| Task requirements |
Once the line containing "Vintage Mid Century" is reached, copy it and every line after it exactly, to the end of the material, without pictures.

== Available data ==

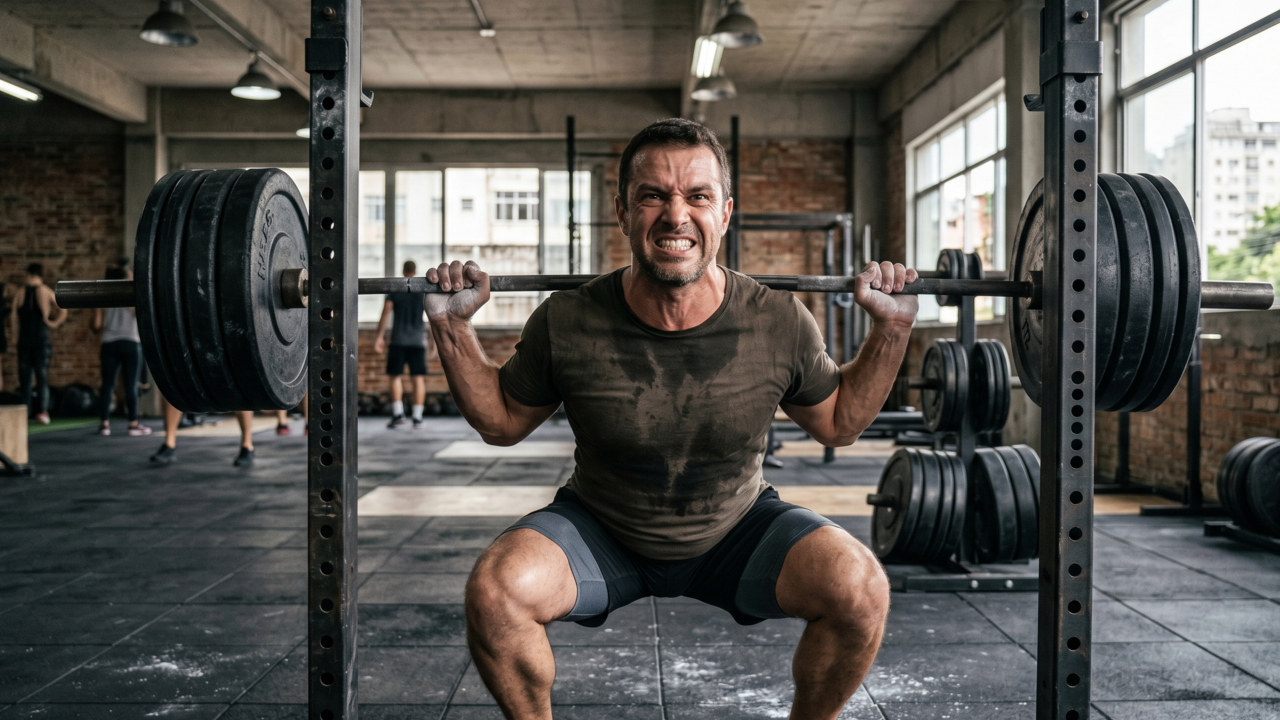 Pessoas que treinam mesmo sem motivação tendem a alcançar mais resultados físicos ao longo do tempo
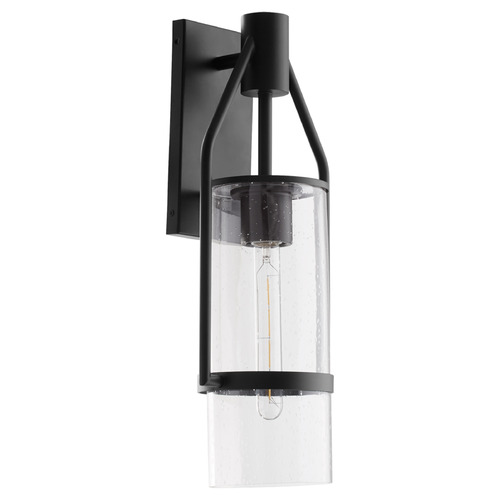 Townsend Textured Black Outdoor Wall Light by Quorum Lighting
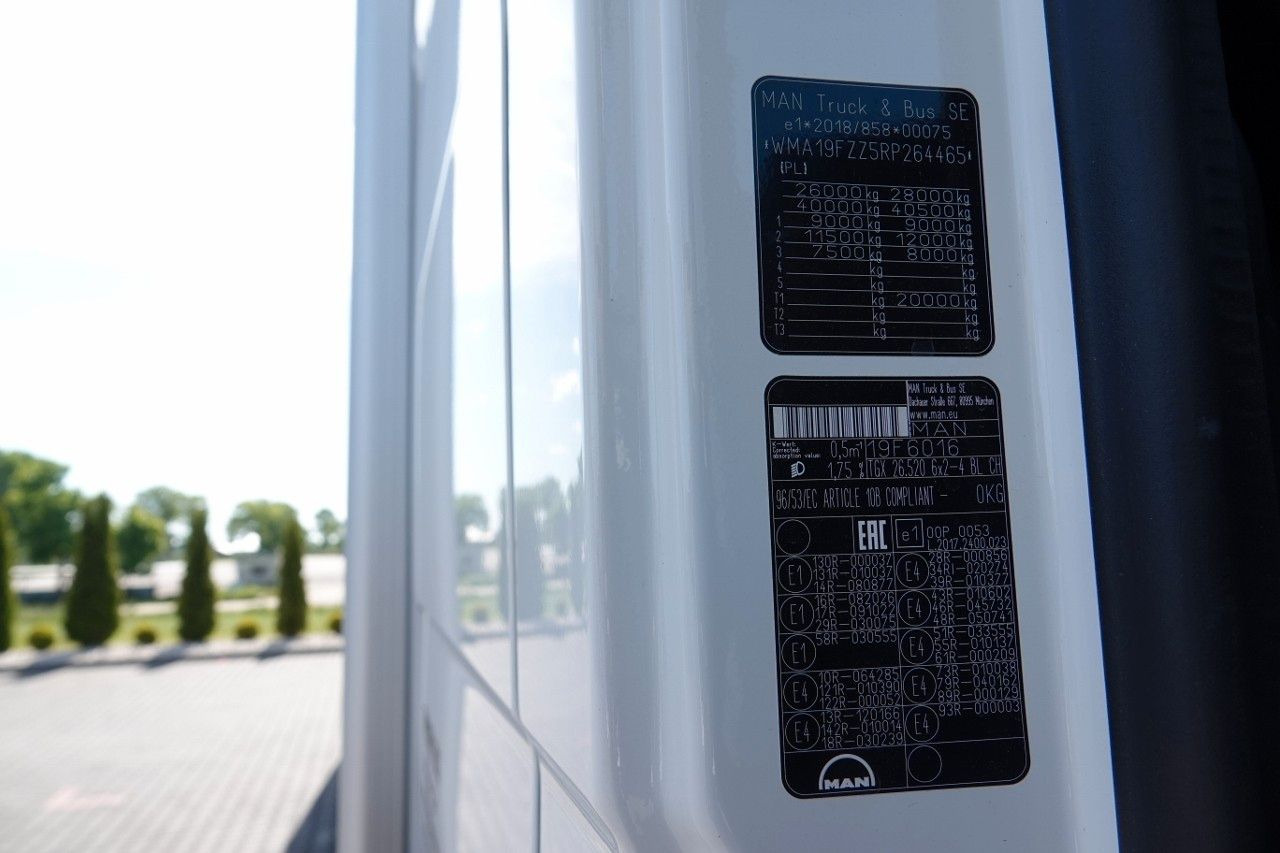 Camion fourgon MAN TGX 26.520 / 6x2 / CHŁODNIA -8,6 M / AGREGAT THE: photos 18 Camion fourgon MAN TGX 26.520 / 6x2 / CHŁODNIA -8,6 M / AGREGAT THE: photos 18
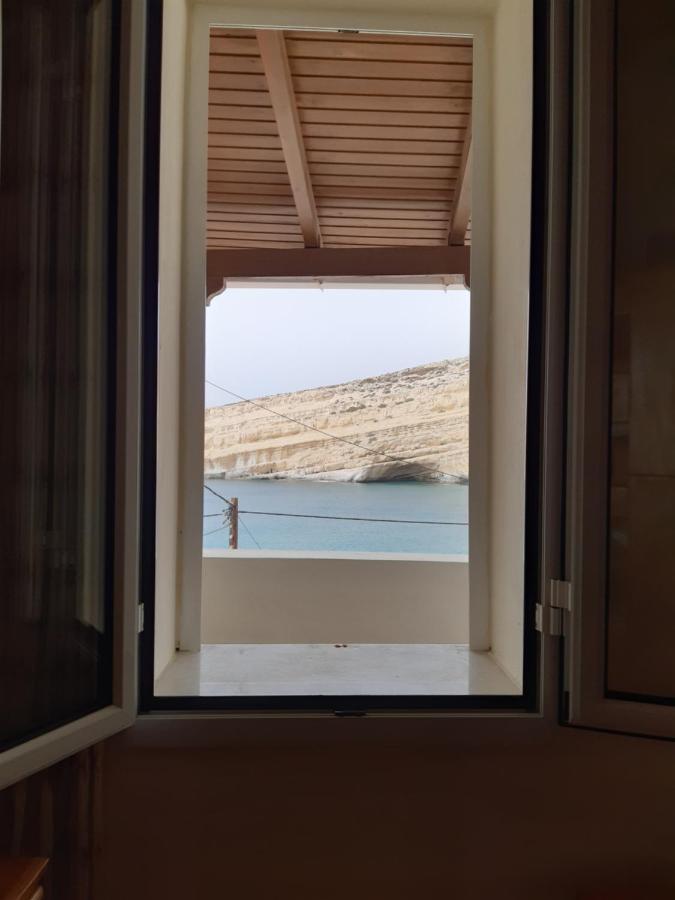 Blue Phaistos No3 Matala Exterior foto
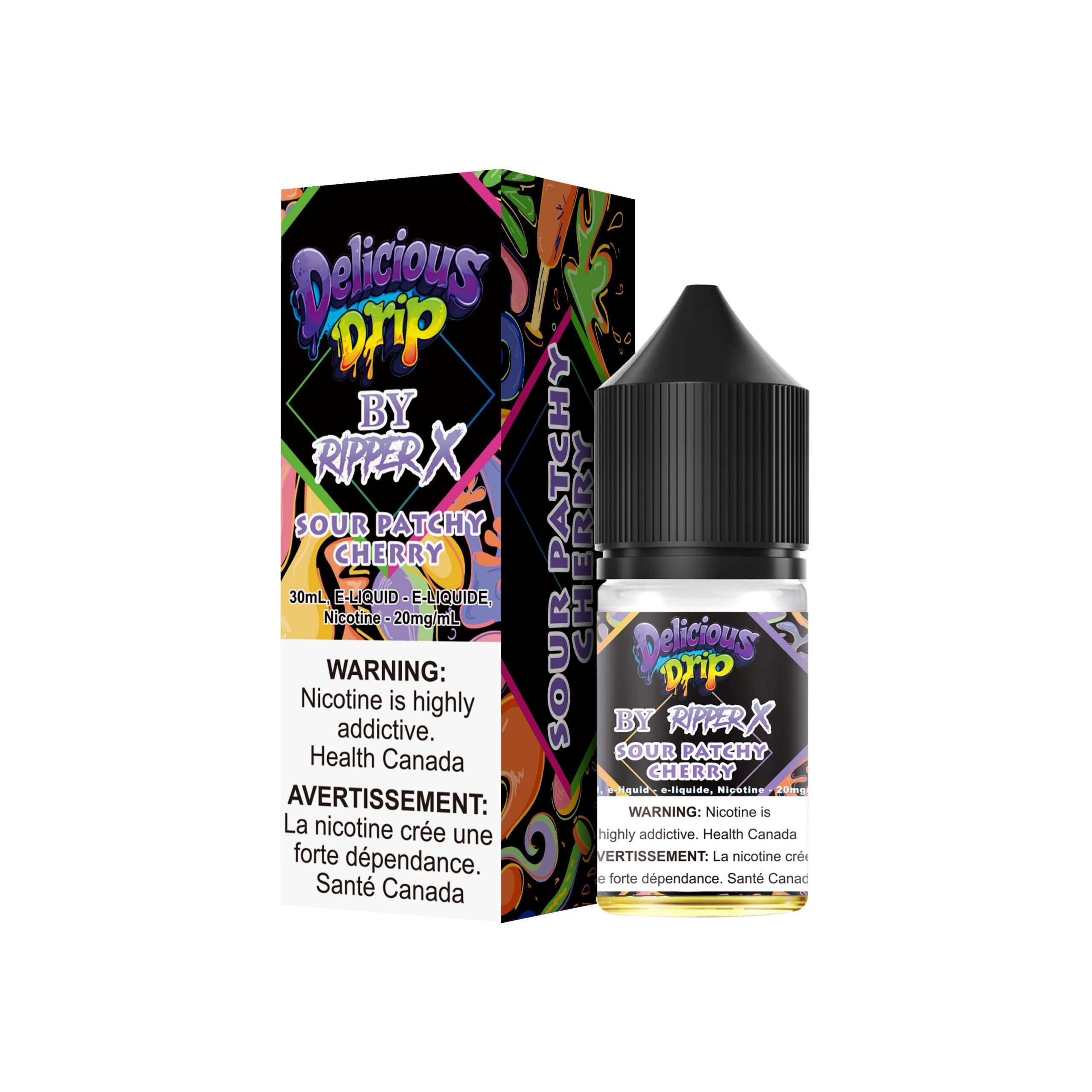 Delicious Drip Sour Patchy Cherry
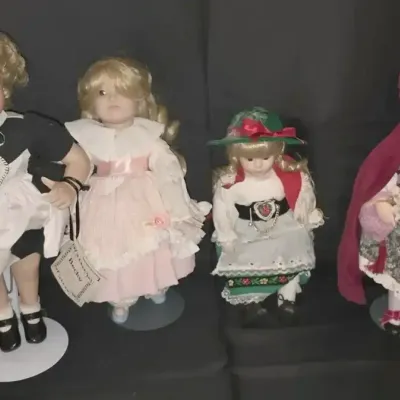 Vintage Porcelain Doll Lot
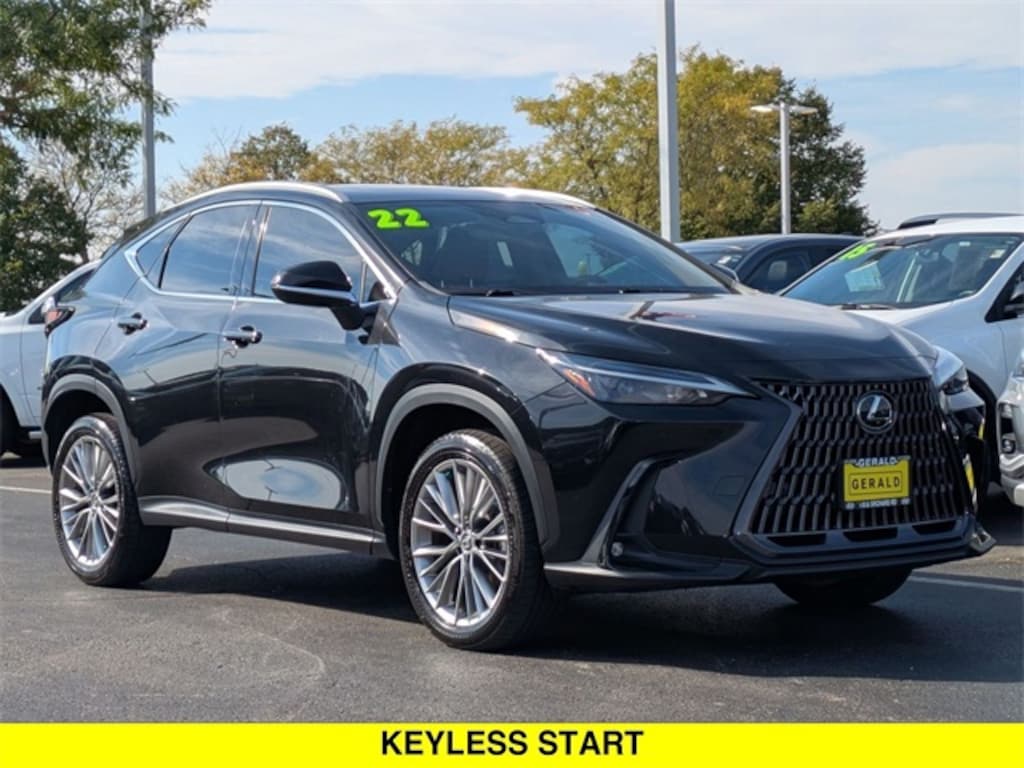 Used 2022 Lexus NX 350 Premium SUV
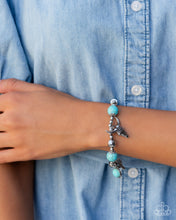 Load image into Gallery viewer, Paparazzi 🔆 Western Welcome - Blue Bracelet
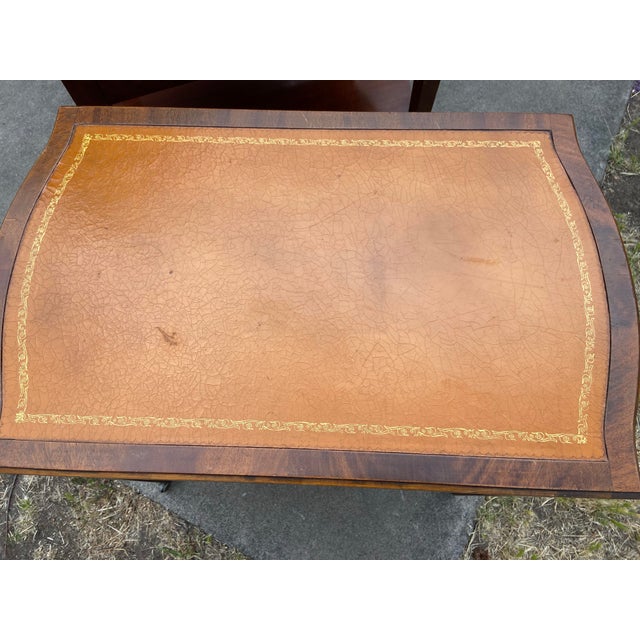 Vintage Mid Century Modern Side End Table Set of 2 For Sale - Image 10 of 12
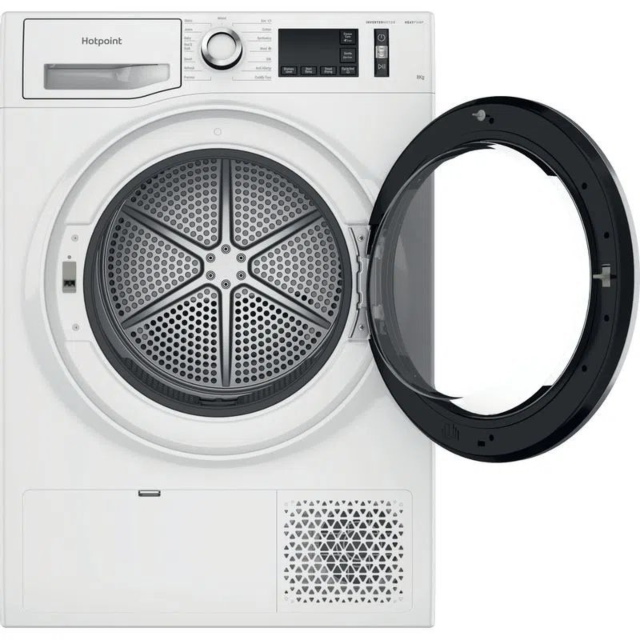 Hotpoint NTM1182XB 8kg Heat Pump Tumble Dryer - White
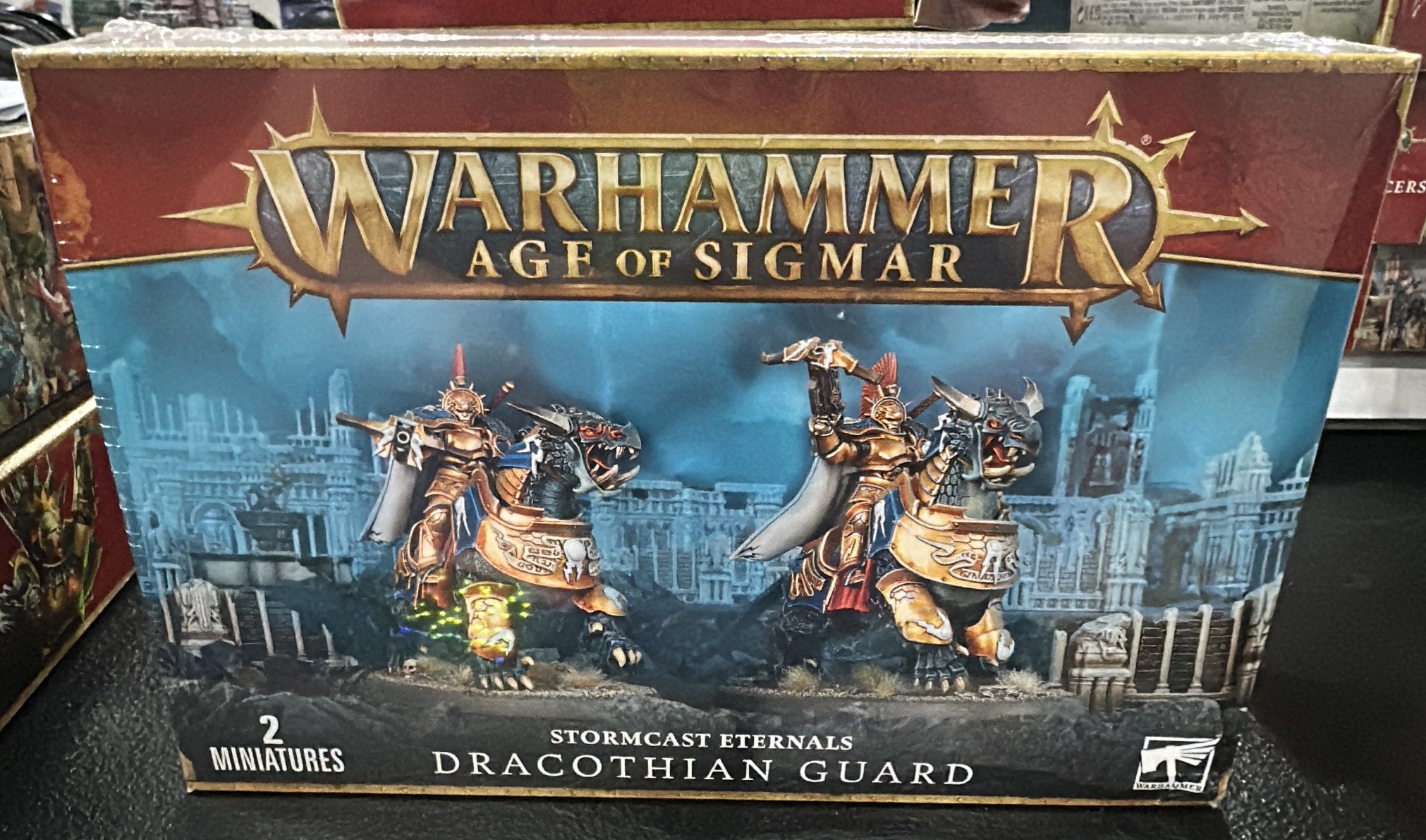 AOS Stormcast Eternals Dracothian Guard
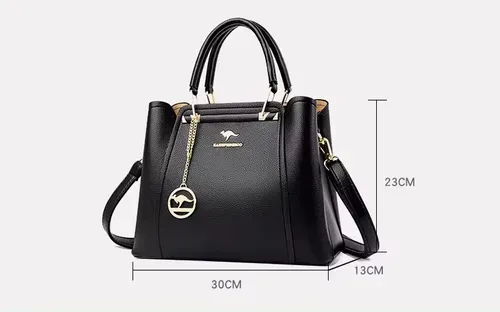 ✨ Premium Designer-Style Handbag – Classic Elegance for Work, Travel, and Daily Life👜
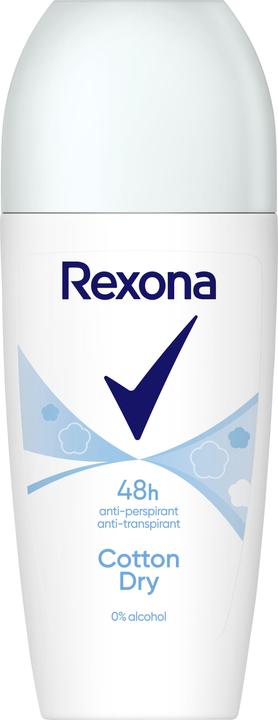 Rexona Cotone asciutto (Roll-on, 50 ml)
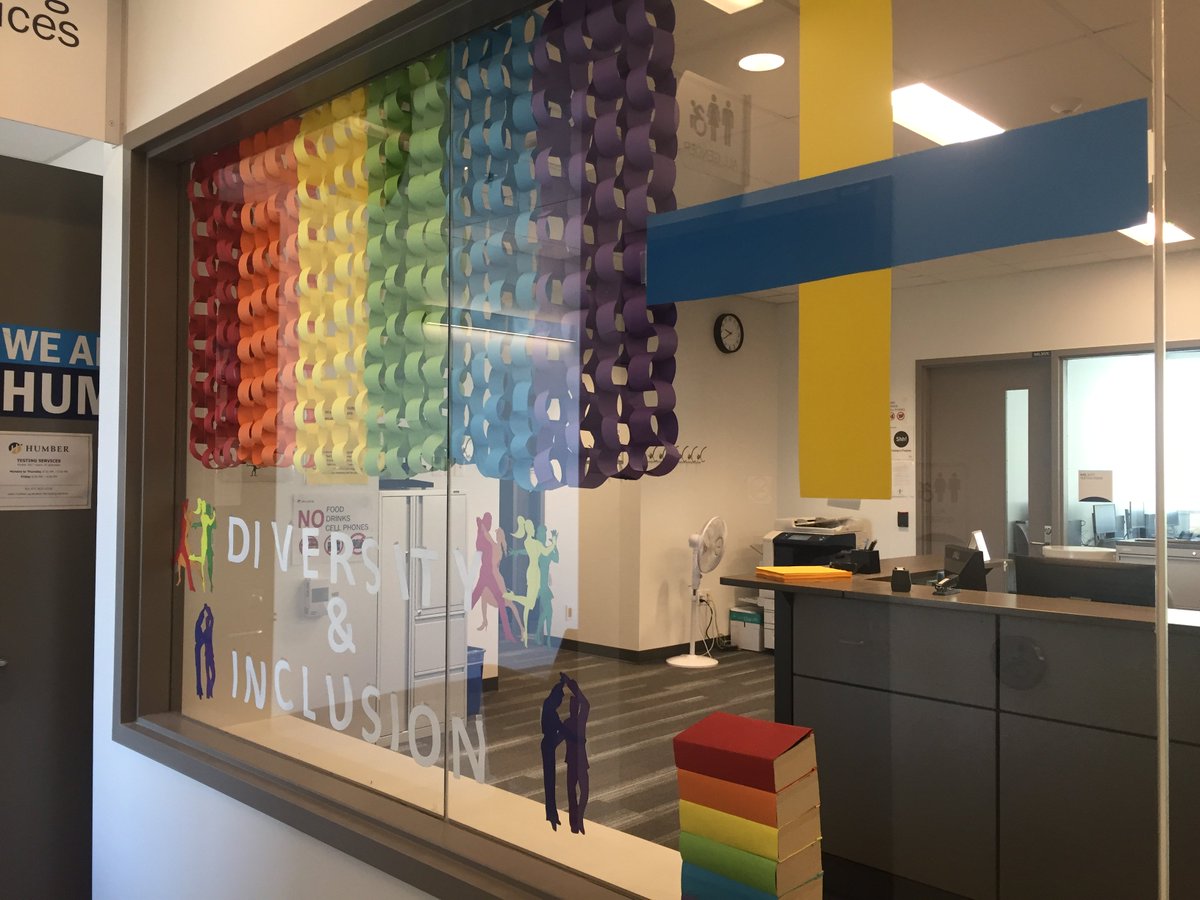 HumberTesting's tweet photo. Lakeshore Testing Services - Pride Month June 2017 #DisplayOurPride #HumberLGBTQ #WeAreProud https://t.co/yxkpRuMcMB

===

| Output of the task |
 Vintage Mid Century Modern Side End Table Set of 2 For Sale - Image 10 of 12
 Hotpoint NTM1182XB 8kg Heat Pump Tumble Dryer - White
 AOS Stormcast Eternals Dracothian Guard
 ✨ Premium Designer-Style Handbag – Classic Elegance for Work, Travel, and Daily Life👜
 Rexona Cotone asciutto (Roll-on, 50 ml)
 HumberTesting's tweet photo. Lakeshore Testing Services - Pride Month June 2017 #DisplayOurPride #HumberLGBTQ #WeAreProud https://t.co/yxkpRuMcMB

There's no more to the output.